## WORK TASK:
Nothing outside the lines below from the one containing "Immunocytochemistry/Immunofluorescence: Cytochrome P450" through the one containing "Facts on Merkel cell carcinoma" is to be printed; print those exactly, ends included, and drop the pictures.

## SUPPLIED MATERIAL:
[Start of Attachment]

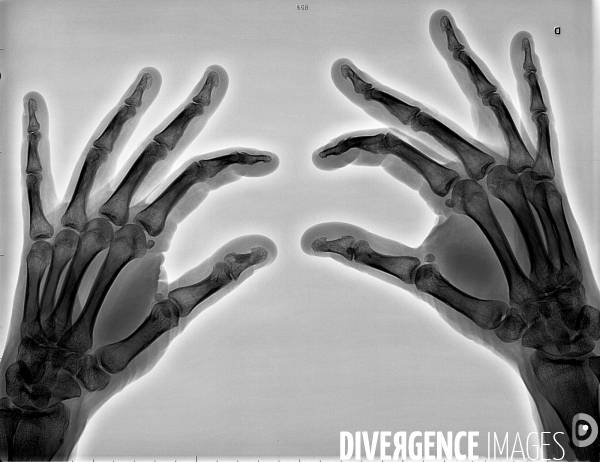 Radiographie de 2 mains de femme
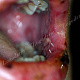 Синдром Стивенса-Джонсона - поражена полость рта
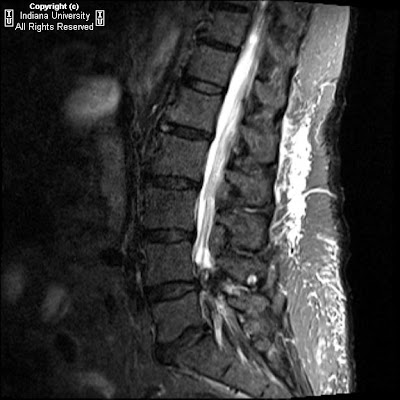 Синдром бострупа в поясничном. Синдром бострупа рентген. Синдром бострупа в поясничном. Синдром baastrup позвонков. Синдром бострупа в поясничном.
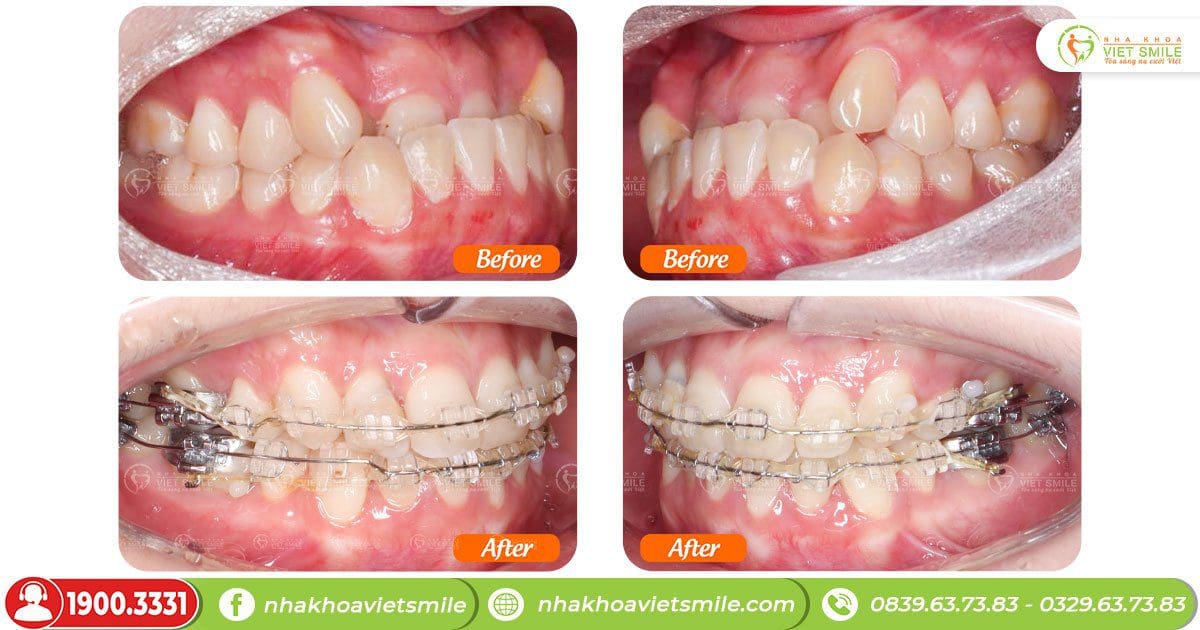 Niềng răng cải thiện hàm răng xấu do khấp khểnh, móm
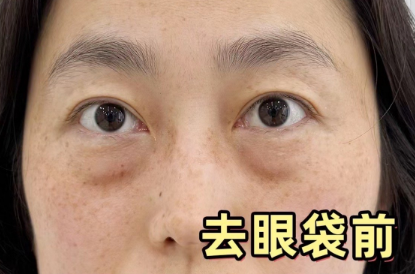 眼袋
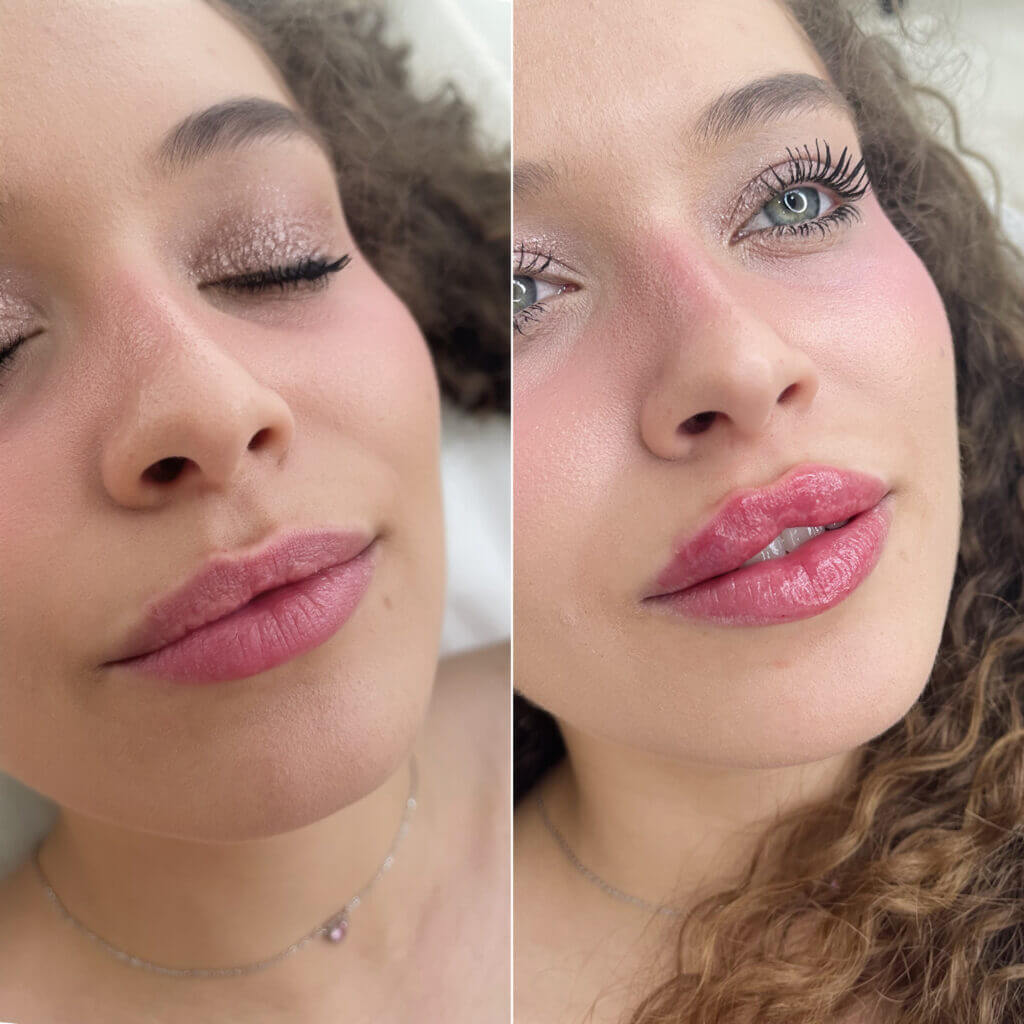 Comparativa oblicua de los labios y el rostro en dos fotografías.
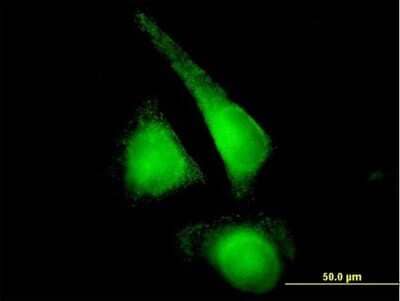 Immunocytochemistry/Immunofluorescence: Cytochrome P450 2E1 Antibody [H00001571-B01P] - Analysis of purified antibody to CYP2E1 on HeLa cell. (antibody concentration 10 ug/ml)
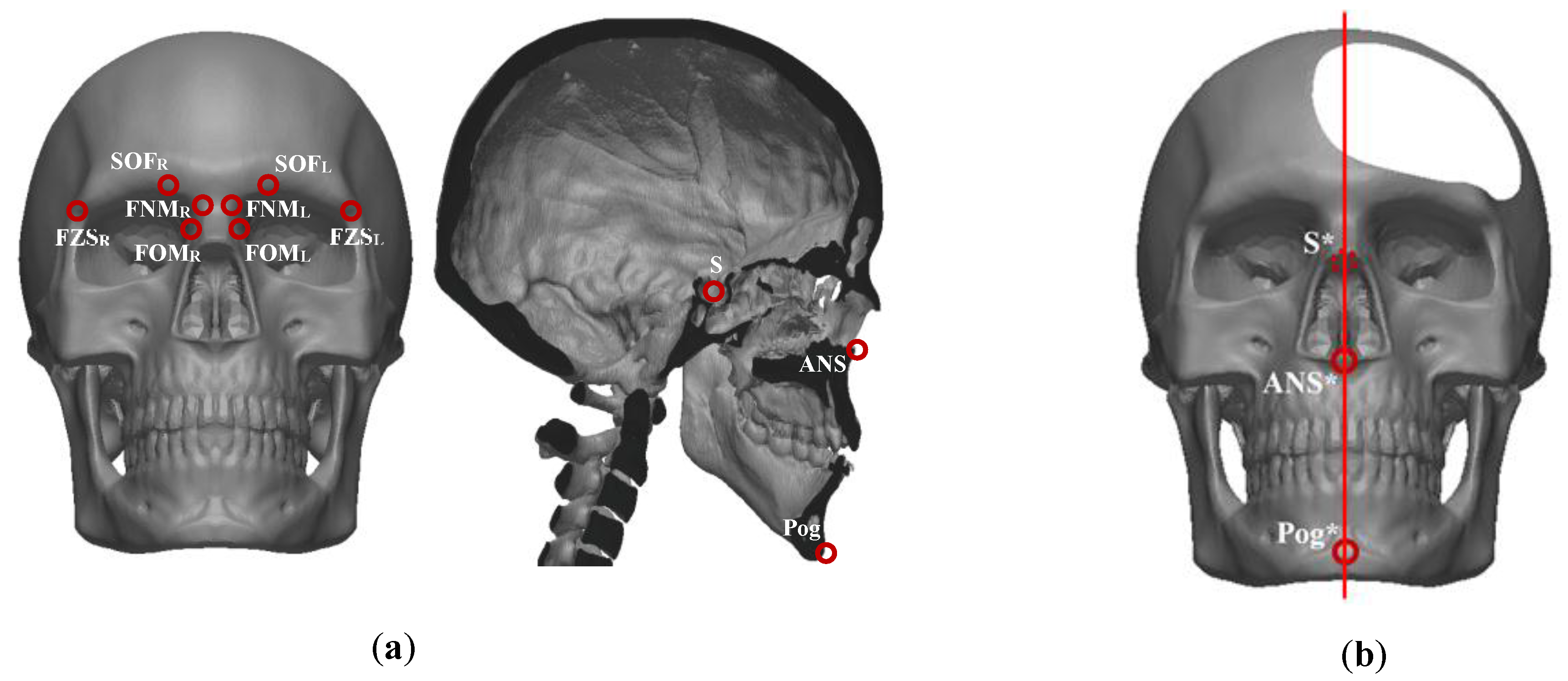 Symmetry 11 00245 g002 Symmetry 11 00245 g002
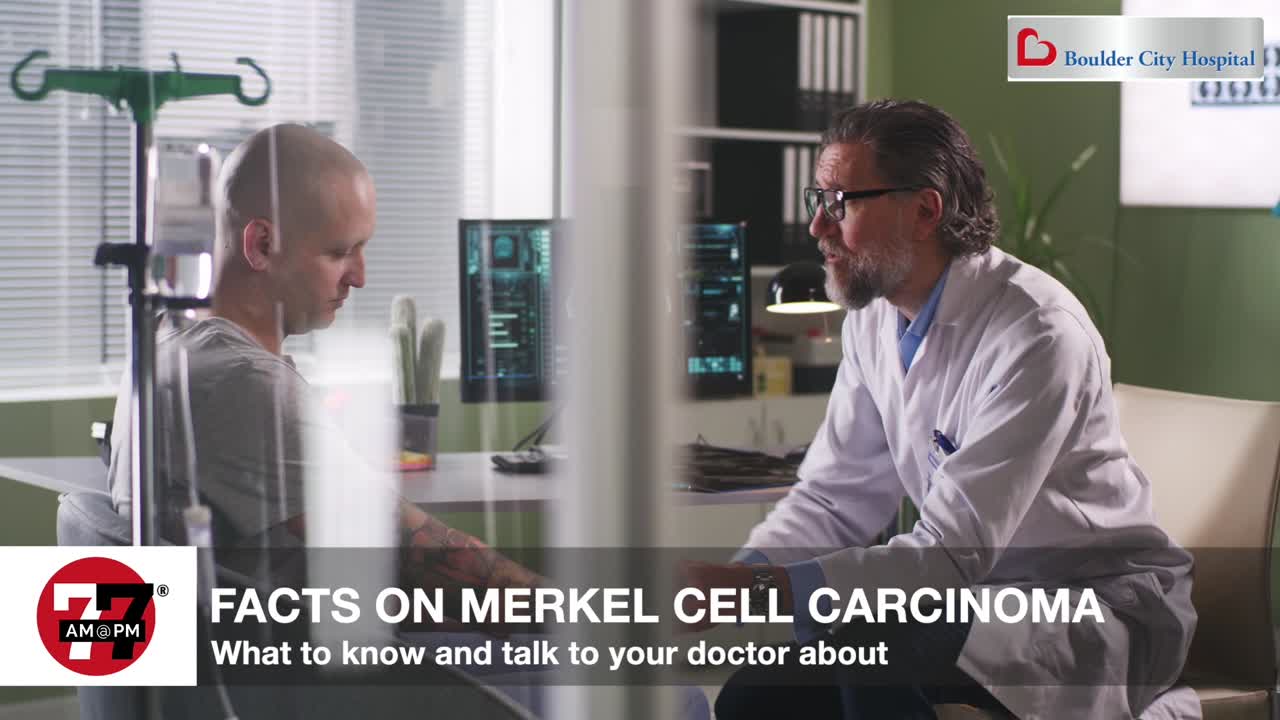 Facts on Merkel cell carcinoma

[End of Attachment]
[Start of Attachment]

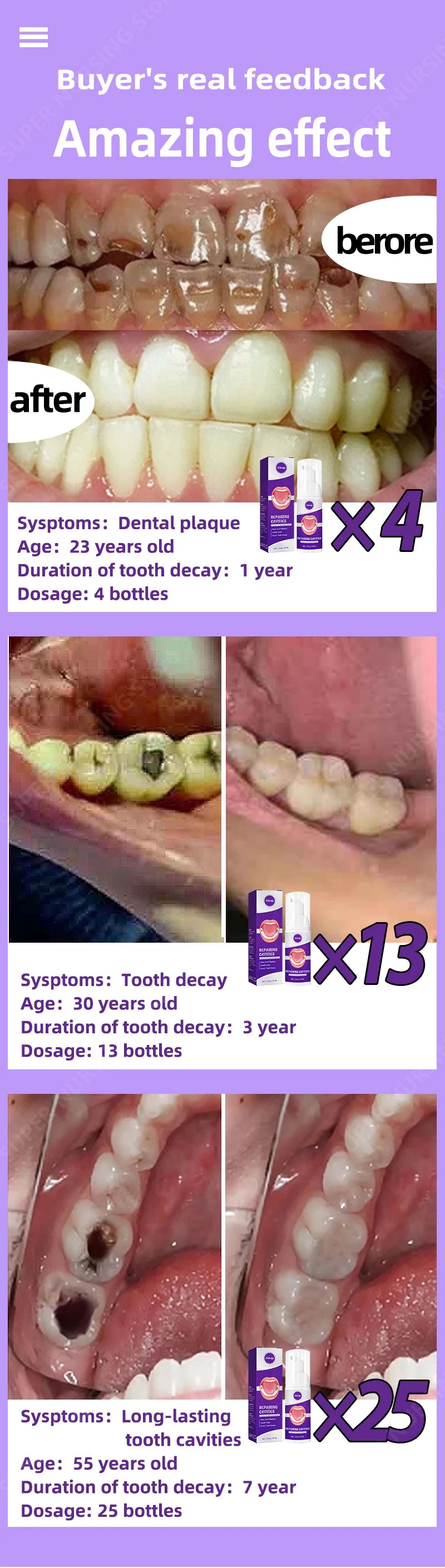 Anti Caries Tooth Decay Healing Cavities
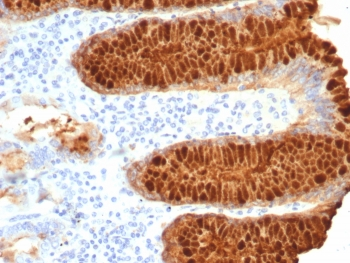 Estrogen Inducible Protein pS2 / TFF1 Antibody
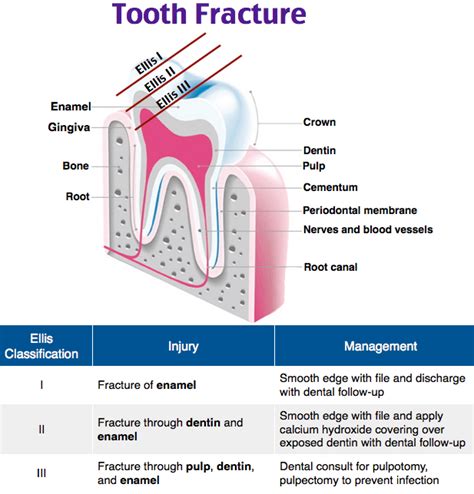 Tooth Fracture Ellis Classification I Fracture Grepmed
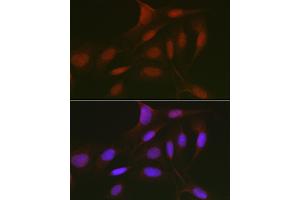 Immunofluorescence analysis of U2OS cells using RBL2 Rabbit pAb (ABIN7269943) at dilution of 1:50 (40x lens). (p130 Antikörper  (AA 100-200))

[End of Attachment]
[Start of Attachment]

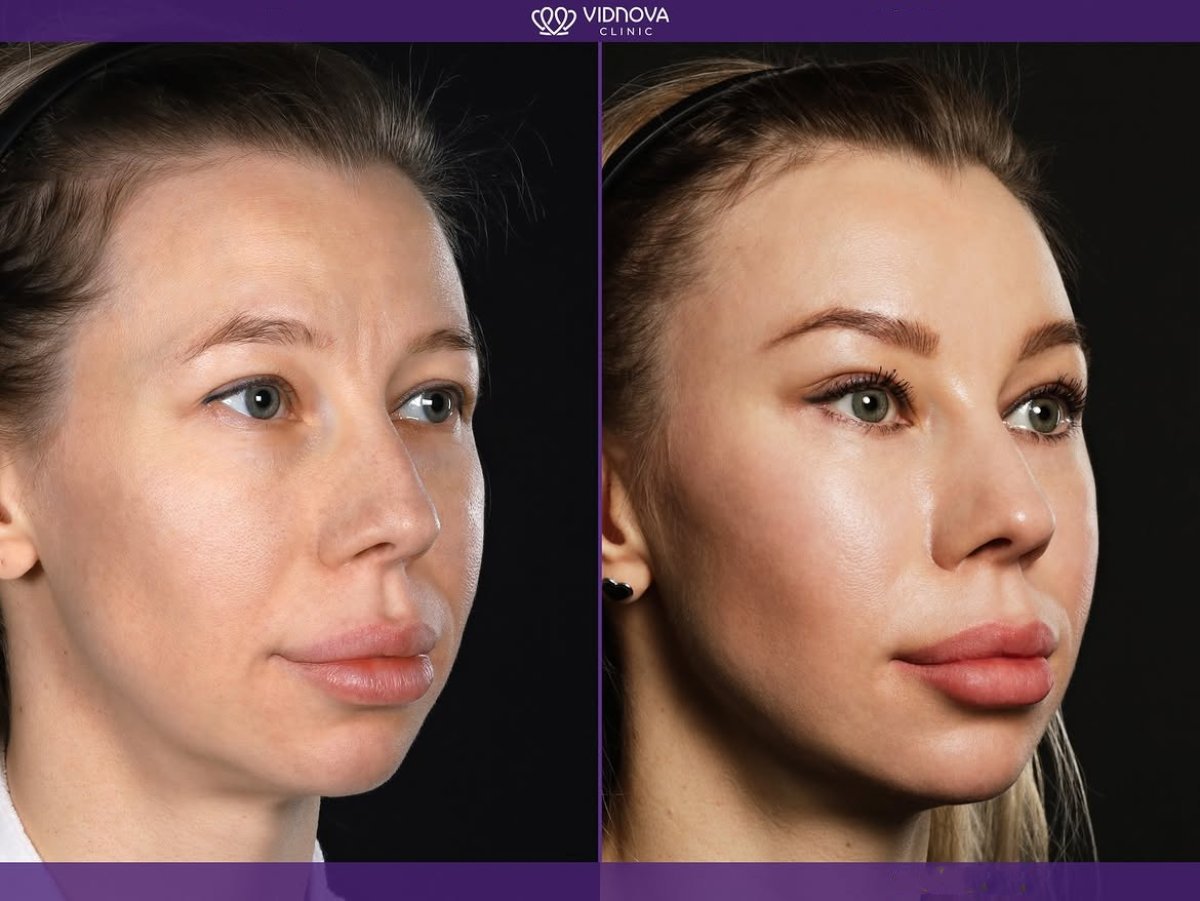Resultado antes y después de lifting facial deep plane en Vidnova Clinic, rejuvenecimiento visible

[End of Attachment]

## ANSWER SECTION:
 Immunocytochemistry/Immunofluorescence: Cytochrome P450 2E1 Antibody [H00001571-B01P] - Analysis of purified antibody to CYP2E1 on HeLa cell. (antibody concentration 10 ug/ml)
 Symmetry 11 00245 g002 Symmetry 11 00245 g002
 Facts on Merkel cell carcinoma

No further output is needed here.